Central African Republic’s President Francois Bozize fired his son from the position of defense minister and assumed the role himself as rebel fighters threatened Bangui, the nation’s capital.
Bozize also fired army chief Guillaume Lapo, according to four presidential decrees read out on state broadcaster Radio Centrafrique yesterday.
The leader, who won power through a 2003 coup, on Dec. 31 called the army “incompetent and undisciplined” after being overcome by the northern insurgents, sometimes without a fight.
“If it were disciplined and properly fulfilled its mission, we would not be in this situation,” Bozize said in a speech broadcast on Radio Centrafrique.
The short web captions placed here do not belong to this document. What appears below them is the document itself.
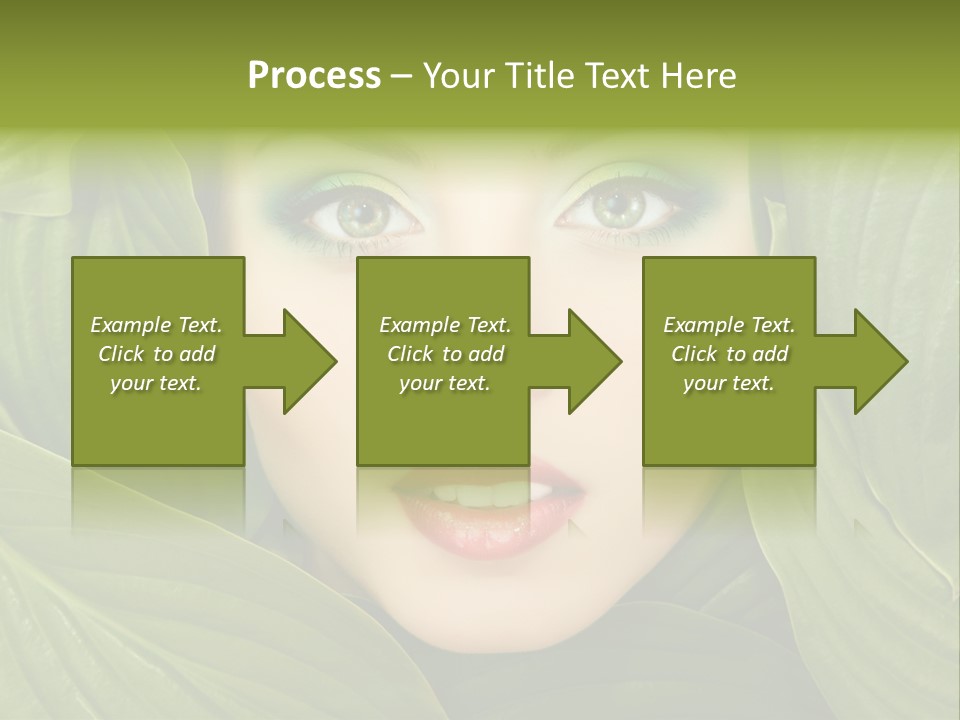 Nature People Leaves PowerPoint Template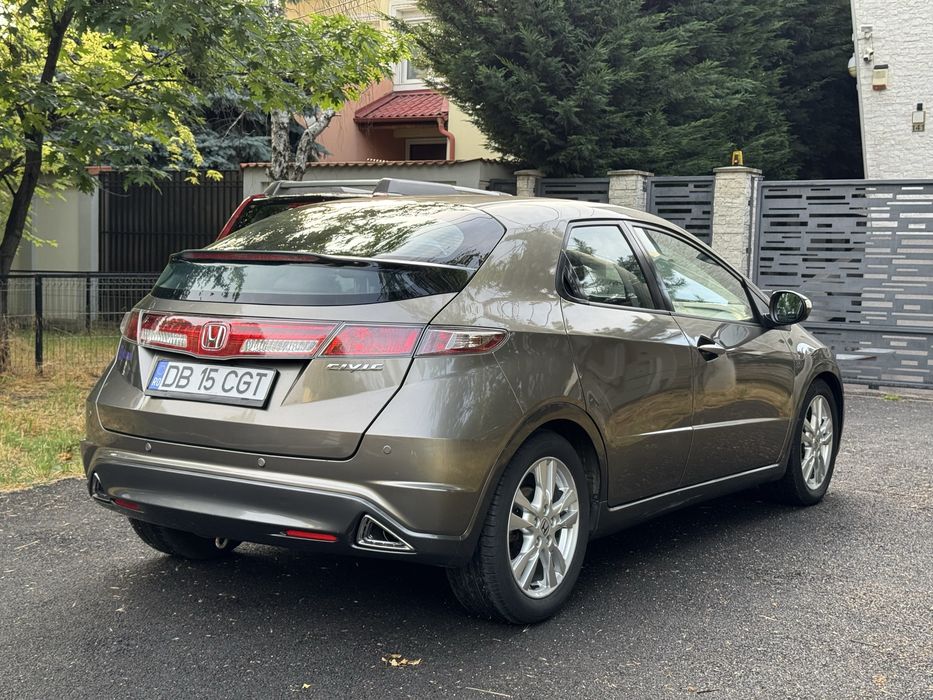 HONDA Civic 2009 — imagine 4
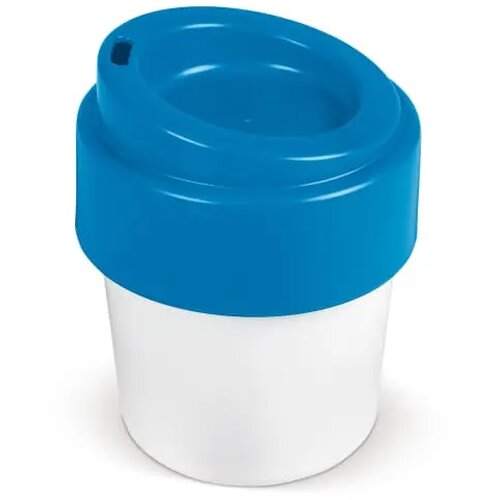 Goedkope koffiebeker to go (240 ml) Blauw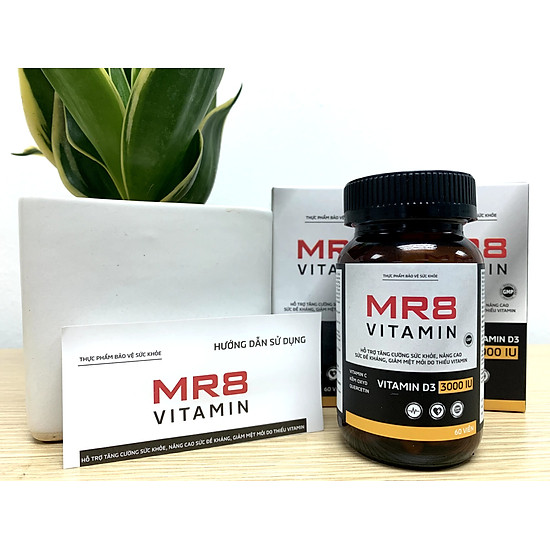 Mr8 vitamin vitamin tổng hợp tpbvsk - nâng cao sức khỏe cho mọi người - ảnh sản phẩm 2
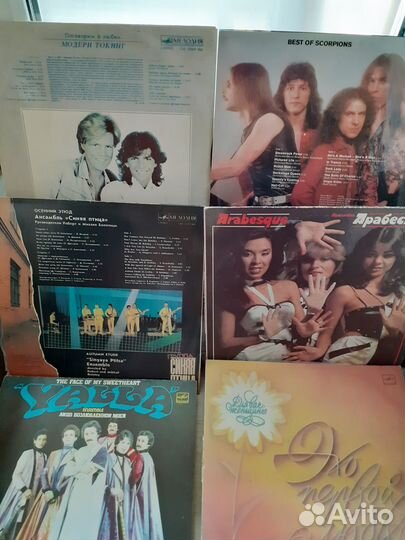 Виниловые пластинки СССР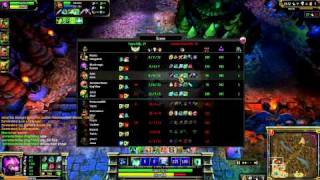 League of Legends: Ashe goes full retard.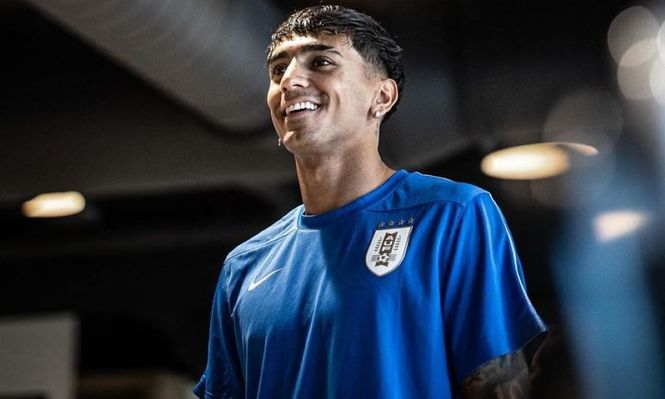 Facundo Torres ya no está en el grupo de la selección de Uruguay en la Copa América 2024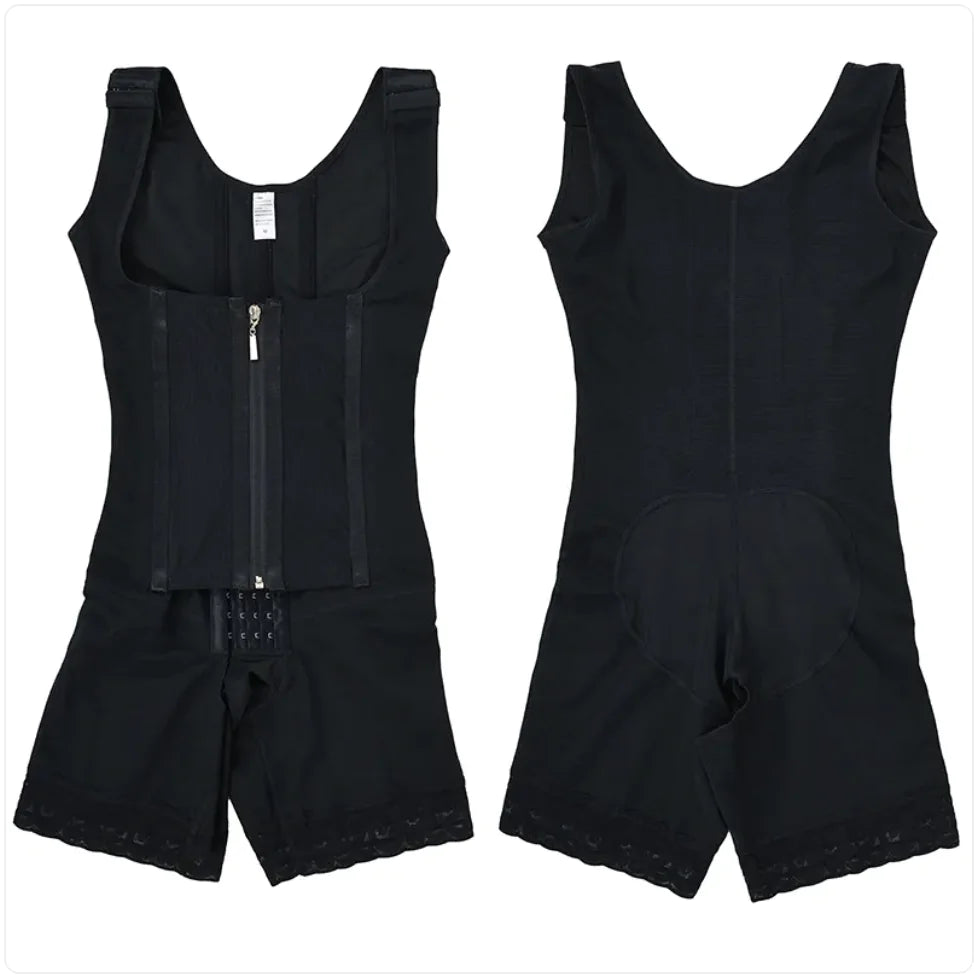 Hourglass Corset Bodysuit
The so-called Seleka militia, who say Bozize hasn’t honored the terms of a 2008 peace deal, has been moving toward Bangui since beginning an offensive on Dec. 10. The rebels paused their advance and are prepared to negotiate with the government, Interior Minister Josue Binua said yesterday.
Bozize has asked the rebels to disarm and allow him to serve out his term, while offering to create a government of national unity.
A deterioration of the military situation may “plunge the Central African Republic into a protracted cycle of violence and adversely affect regional security and stability,” Nkosazana Dlamini-Zuma, the chairwoman of the African Union Commission, said in an e-mailed statement today.
The nation has been dogged by violence since its independence from France in 1960, with at least four armed battles for Bangui taking place from 1996 to 2003, when Bozize toppled his predecessor Ange-Felix Patasse, whom he previously served as army chief.
Gabon sent 120 soldiers to the Central African Republic on Jan. 1 to provide operational support for a peace mission under the mandate of the Economic Community of Central African States. France has also sent 150 troops, adding to the 250 it already had in the country, to support the mission and to protect the 1,200 French citizens in the country.
The country has a gross domestic product of about $3.6 billion and earns most of its foreign currency from timber and diamond exports, according to the CIA Factbook.